Dossier IA85002614 réalisé en 2020

Fiche

Dossiers de synthèse

Parties constituantes non étudiéesparc, cour, communs, clôture, portail
Dénominationsmaison, demeure
Aire d'étude et cantonVallée de la Sèvre Niortaise, Marais poitevin
AdresseCommune : Maillé
Lieu-dit : Pichonnière (la)
Adresse : route
D15
Cadastre : 1835 C 260, 262 ; 2020 ZB 173

La Pichonnière est mentionnée sur la carte de la région par Claude Masse. Il s'agit alors d'un domaine dont les bâtiments se situent de part et d'autre du chemin reliant Maillezais et La Ronde, à la frontière entre les terres hautes de Maillé et les marais. Cette configuration est la même sur le plan cadastral de 1835. Il montre un grand corps de bâtiment à l'ouest de la route, ainsi que le petit qui existe encore de nos jours au sud de la maison (fournil ?).

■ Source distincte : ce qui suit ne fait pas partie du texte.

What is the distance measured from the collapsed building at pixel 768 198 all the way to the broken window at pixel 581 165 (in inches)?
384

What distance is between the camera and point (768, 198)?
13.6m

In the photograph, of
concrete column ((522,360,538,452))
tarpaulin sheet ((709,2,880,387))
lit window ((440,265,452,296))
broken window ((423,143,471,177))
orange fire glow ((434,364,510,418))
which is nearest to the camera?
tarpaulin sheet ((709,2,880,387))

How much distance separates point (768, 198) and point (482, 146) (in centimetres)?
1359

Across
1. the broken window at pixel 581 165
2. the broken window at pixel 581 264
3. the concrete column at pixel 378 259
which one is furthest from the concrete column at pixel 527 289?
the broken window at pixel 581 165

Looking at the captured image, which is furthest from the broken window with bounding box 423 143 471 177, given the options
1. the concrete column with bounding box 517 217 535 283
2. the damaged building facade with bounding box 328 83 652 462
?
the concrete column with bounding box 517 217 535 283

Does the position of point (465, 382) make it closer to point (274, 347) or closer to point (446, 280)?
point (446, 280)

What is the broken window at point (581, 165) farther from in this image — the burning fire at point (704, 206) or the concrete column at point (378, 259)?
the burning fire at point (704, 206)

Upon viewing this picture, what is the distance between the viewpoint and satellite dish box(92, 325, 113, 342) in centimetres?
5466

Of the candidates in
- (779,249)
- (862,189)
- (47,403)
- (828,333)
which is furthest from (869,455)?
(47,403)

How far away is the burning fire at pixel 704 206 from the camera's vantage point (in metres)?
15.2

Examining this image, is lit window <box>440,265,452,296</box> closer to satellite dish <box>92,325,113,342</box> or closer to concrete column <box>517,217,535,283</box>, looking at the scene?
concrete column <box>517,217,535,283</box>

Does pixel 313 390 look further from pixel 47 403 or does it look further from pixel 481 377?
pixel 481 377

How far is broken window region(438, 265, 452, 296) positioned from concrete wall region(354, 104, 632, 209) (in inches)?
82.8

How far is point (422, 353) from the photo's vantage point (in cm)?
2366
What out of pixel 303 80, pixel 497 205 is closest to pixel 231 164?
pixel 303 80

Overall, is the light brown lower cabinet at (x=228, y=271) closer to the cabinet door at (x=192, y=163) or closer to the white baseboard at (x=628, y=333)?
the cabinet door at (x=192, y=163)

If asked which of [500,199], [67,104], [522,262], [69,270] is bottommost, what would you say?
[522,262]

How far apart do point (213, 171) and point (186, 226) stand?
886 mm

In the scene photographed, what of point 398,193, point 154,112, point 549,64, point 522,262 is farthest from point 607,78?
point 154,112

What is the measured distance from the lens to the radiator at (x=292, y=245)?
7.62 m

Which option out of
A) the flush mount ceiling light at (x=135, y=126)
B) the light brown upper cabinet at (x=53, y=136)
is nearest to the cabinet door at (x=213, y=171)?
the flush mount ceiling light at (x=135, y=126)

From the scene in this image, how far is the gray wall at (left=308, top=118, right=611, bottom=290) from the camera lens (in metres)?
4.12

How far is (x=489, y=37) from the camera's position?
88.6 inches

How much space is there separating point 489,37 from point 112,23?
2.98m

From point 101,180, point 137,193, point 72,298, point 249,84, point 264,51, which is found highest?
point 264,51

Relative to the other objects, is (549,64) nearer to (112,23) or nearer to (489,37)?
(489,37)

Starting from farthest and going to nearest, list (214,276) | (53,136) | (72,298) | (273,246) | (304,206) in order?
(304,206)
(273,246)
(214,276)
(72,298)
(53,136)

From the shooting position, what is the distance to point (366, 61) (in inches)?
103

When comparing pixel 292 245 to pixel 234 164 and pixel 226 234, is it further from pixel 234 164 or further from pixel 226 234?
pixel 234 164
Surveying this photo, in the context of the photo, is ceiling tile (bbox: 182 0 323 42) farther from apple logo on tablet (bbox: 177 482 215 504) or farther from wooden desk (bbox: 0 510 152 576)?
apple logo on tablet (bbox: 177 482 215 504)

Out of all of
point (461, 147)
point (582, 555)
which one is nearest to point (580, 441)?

Il semble qu'au milieu du XVIIe siècle, le domaine de la Pichonnière, tout comme le moulin de la Pichonnière, appartenait à la famille Carrel, en particulier Jean Carrel, sieur du Peux, conseiller secrétaire de Gaston, duc d'Orléans, marié en 1646, à Fontenay-le-Comte, avec Renée Pascaud. Parmi leurs deux filles, Suzanne, épouse de Louis Barraud, transmet le moulin à ses descendants. Sa sœur, Catherine, mariée en 1664, à Pissotte, avec Gabriel Dorin, écuyer, seigneur du Poiron, à Pissotte, apporte à son mari le domaine de la Pichonnière.

Le 8 mai 1680, Messire Gabriel Dorin, écuyer, seigneur du Poiron, et Dame Catherine Carrel son épouse, demeurant au Poiron, à Pissotte, vendent pour 3000 livres à Geoffroy Picoron, seigneur de la Bernegoue et des Champs, demeurant à La Rochelle (marié en 1657, à Fontenay-le-Comte, avec Anne Brisseteau de Saint-Michel), "la maison, fournil, grange, toits, appents, cours, jardins, mottes, aires, quaireux, prés, bois, marais, écluse, bouchau, pêcherie et la tierce partie des droits du passage, port, arrivage de la Pichonnière à La Ronde, et généralement tout ce qui dépend de la borderie desdits sieur du Poiron et dame Carel son épouse, sis au village de la Pichonnière, paroisse de Maillé". Jacques Riffaud en est alors fermier. Gabriel Dorin de Poiron conserve les deux autres tiers du passage de la Pichonnière, qui dépend donc aussi du domaine.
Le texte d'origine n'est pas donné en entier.